Die Wallfahrt konnte coronabedingt nicht durchgeführt werden. Möglich war aber am 30. Oktober die Installation des von dem Benediktinerpater Abraham Fischer (von der Abtei Königsmünster im westfälischen Meschede) geschaffenen Versöhnungskreuzes. Der Benediktiner ist Theologe und Meister in Metallgestaltung. Seit 2002 leitet er die Schmiede in der Abtei Königsmünster. Das Kreuz hat vier Querarme, die im Winkel von 90 Grad zueinanderstehen. Für das Kruzifix hat der Pater drei stählerne Balken je Himmelsrichtung übereinandergelegt, insgesamt also zwölf. Die beiden unteren sind jeweils aus Cortenstahl, der bereits Rost angesetzt hat. Die oberen Querbalken sind genauso wie die senkrecht stehende Metallsäule des Kreuzes in einem intensiven Blau gehalten. Je nach Lichteinfall leuchtet das Kreuz tiefblau – korrespondierend zum Himmel – oder milchig-weiß. Auf einem Sockel stehend ist das Versöhnungskreuz 4,50 Meter hoch. Wie ein Wegkreuz soll es in die vier Himmelsrichtungen weisen und an die Menschen erinnern, die hier im November 1620 gewaltsam gestorben sind oder aber andere getötet haben – für die Machtinteressen anderer und in der irrtümlichen Sicherheit, im und für den richtigen Glauben zu handeln. Zudem soll das Kreuz Symbol für Toleranz, Respekt, Transzendenz, Zukunft und Hoffnung sein – insgesamt für Versöhnung.

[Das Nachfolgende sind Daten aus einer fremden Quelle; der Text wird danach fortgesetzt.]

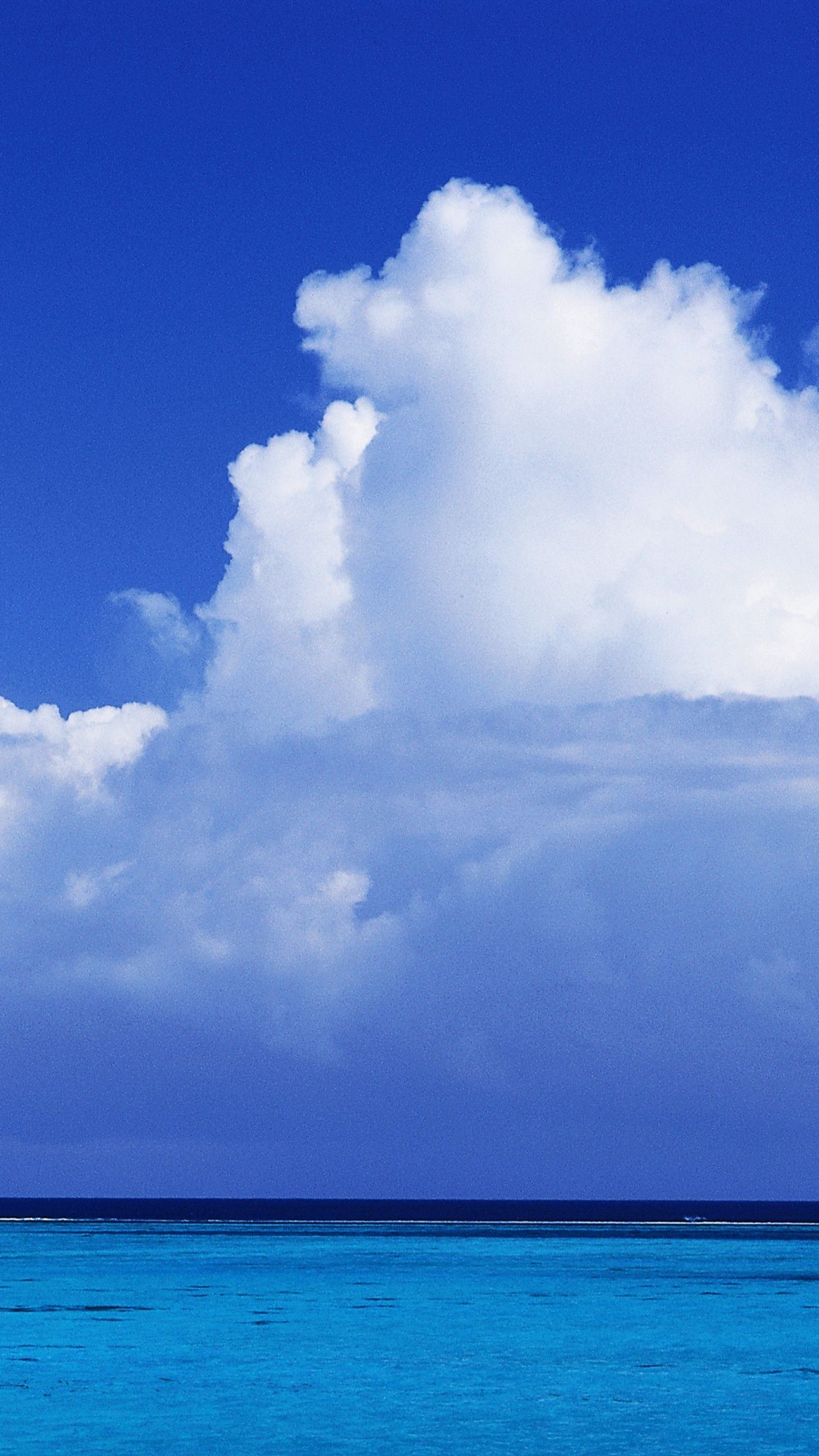 Blaues Meer Unter Blauem Himmel Und Weiße Wolken Tagsüber. Wallpaper in 1080x1920 Resolution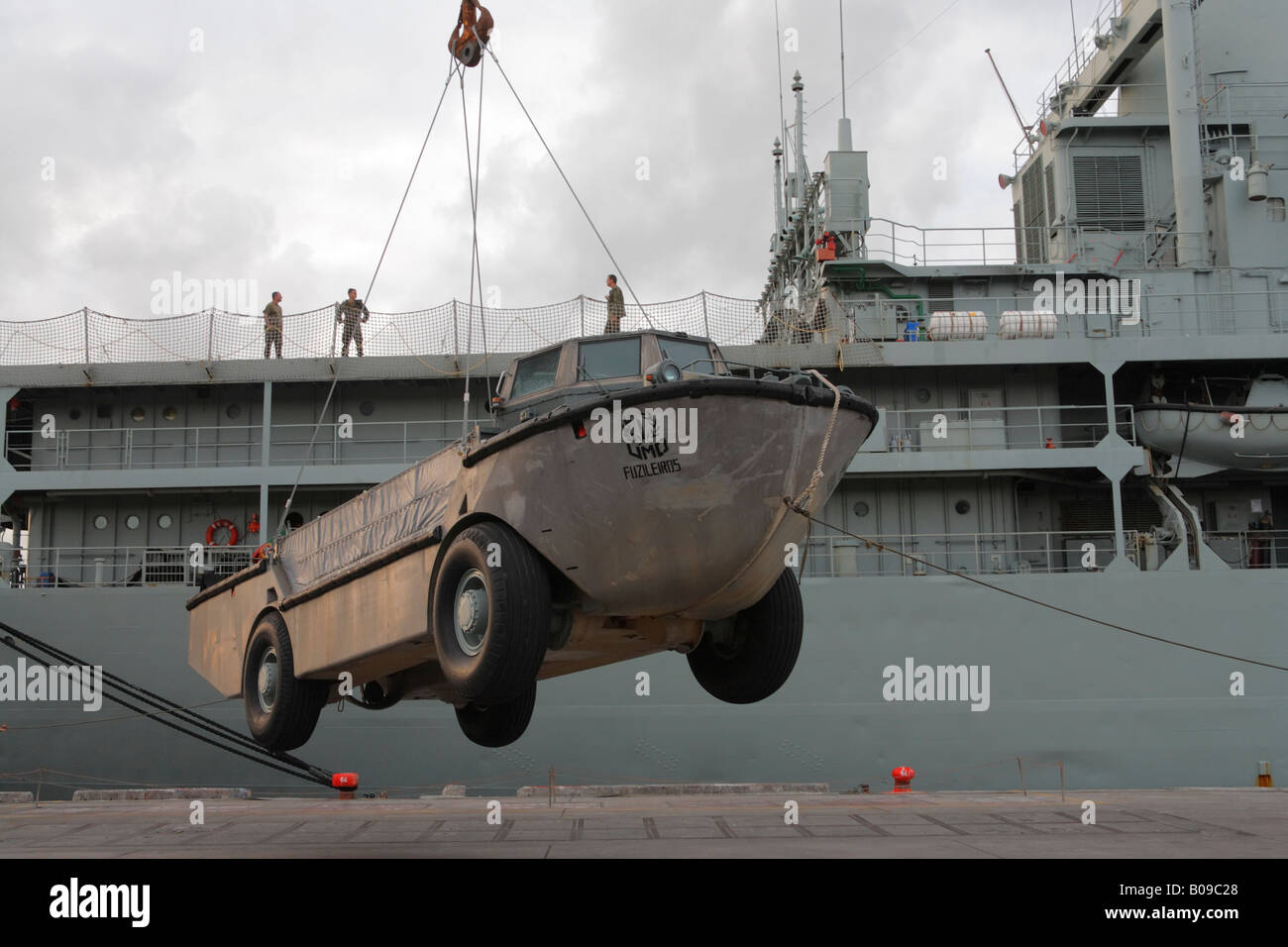 Amphibious support hi-res stock photography and images - Alamy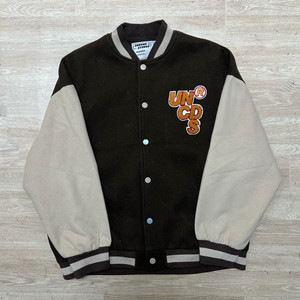 언체인드 스튜디오 자수 로고 스타디움 바시티 자켓 [브라운] L/100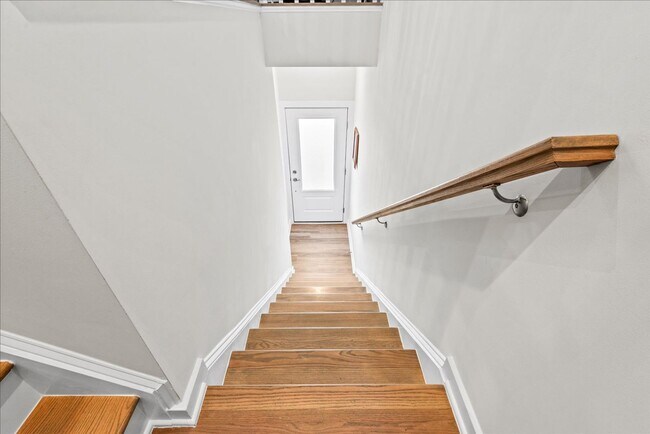 Building Photo - Like New! CLOSE TO I-95 & QUANTICO!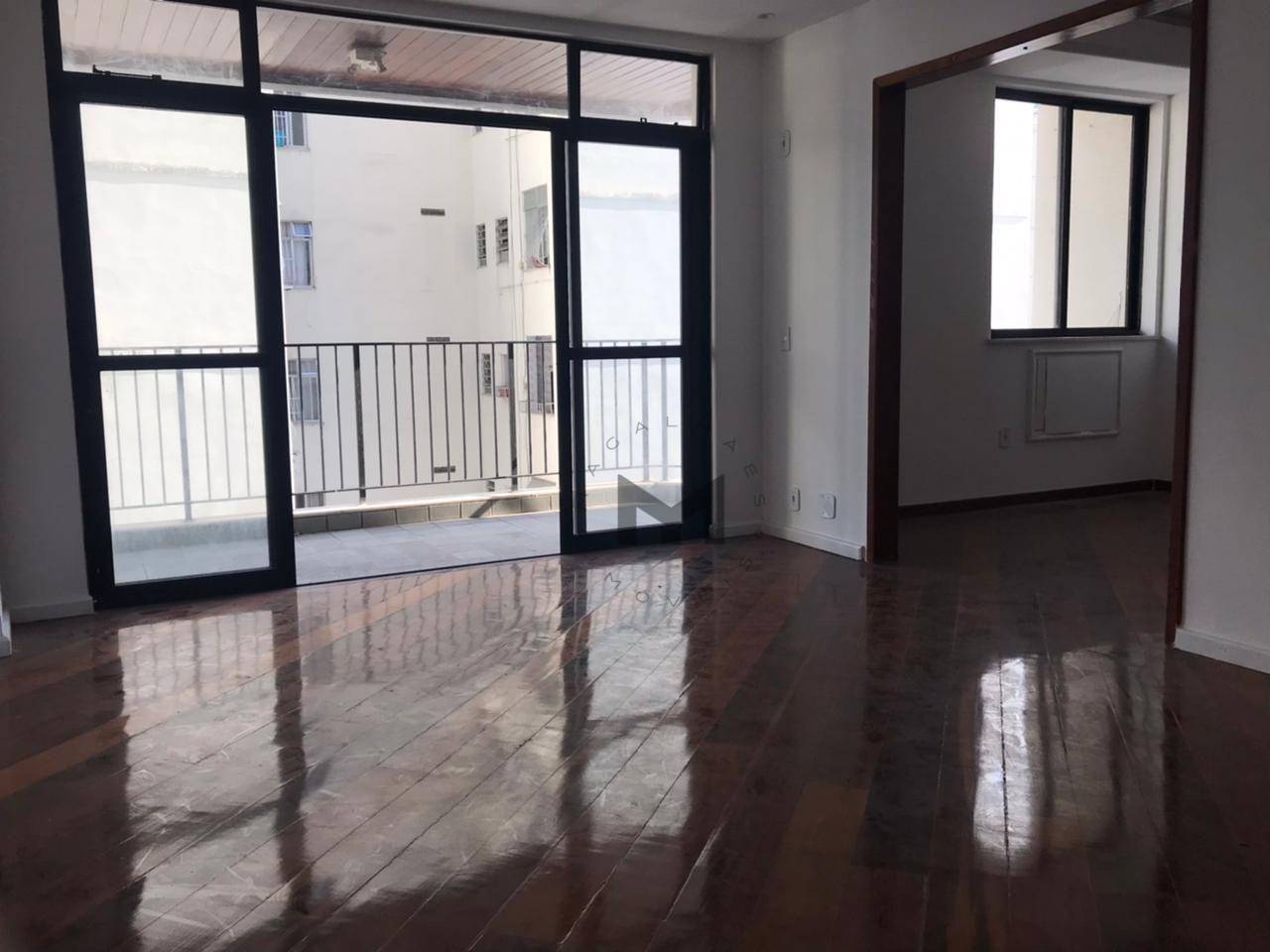 Apartamento à venda com 3 quartos, 130m² - Foto 6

Besonders freute sich Macek, dass es keine negative Rückmeldungen zum Kreuz und zur ökumenischen Installation (gemeinsame Andacht bzw. Gebet von Juden, Katholiken und Hussiten) gegeben hat. „Die ökumenische Symbolik ist vergleichbar mit der deutsch-tschechischen Versöhnung. Und mit dem Kreuz ist ein Traum von Schwester Birgitta, einer deutschen Benediktinerin, die jetzt auf dem Weißen Berg lebt, in Erfüllung gegangen“, erläuterte Macek. Erfreulich für ihn war das große Medienecho. Hoffnung hegt Macek, dass im nächsten Jahr, dann zum 400-jährigen Gedenken an das Blutgericht am 21. Juni 1621 (Hinrichtung von 21 protestantischen Adligen), eine Wallfahrt in umgekehrter Richtung stattfinden kann.
Von wichtigen „religiösen Versöhnungsgesten in Corona-Zeiten“ sprach abschließend Moderator Rainer Karlitschek. Er bedankte sich inständig bei Macek für die kurzfristige Übernahme dieses Themen-Zooms.